Data excerpt:
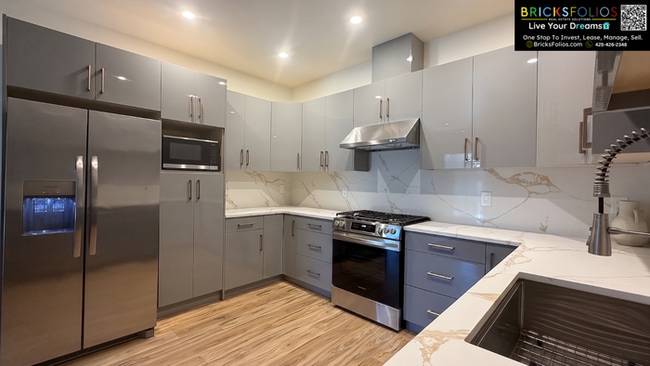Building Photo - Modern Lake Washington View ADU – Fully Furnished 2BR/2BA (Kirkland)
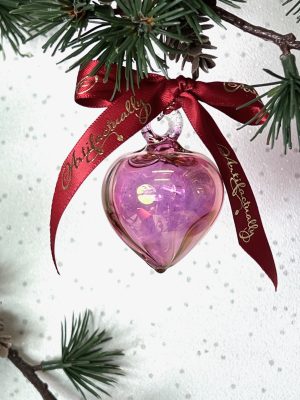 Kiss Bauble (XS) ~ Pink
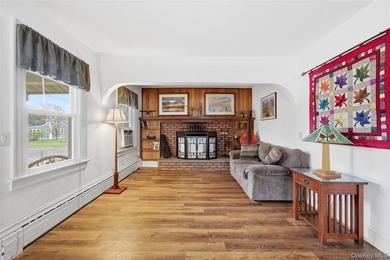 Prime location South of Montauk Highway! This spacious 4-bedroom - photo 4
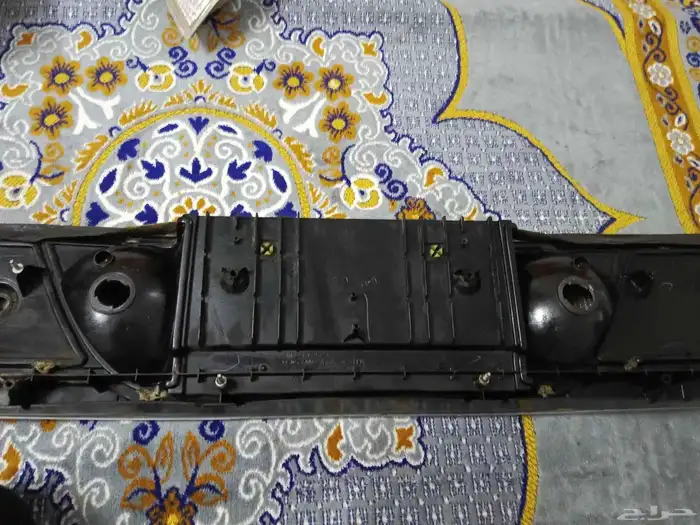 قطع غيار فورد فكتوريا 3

Task to carry out: Restate the data word for word and exclude every picture.

Response to this exercise:
Building Photo - Modern Lake Washington View ADU – Fully Furnished 2BR/2BA (Kirkland)
 Kiss Bauble (XS) ~ Pink
 Prime location South of Montauk Highway! This spacious 4-bedroom - photo 4
 قطع غيار فورد فكتوريا 3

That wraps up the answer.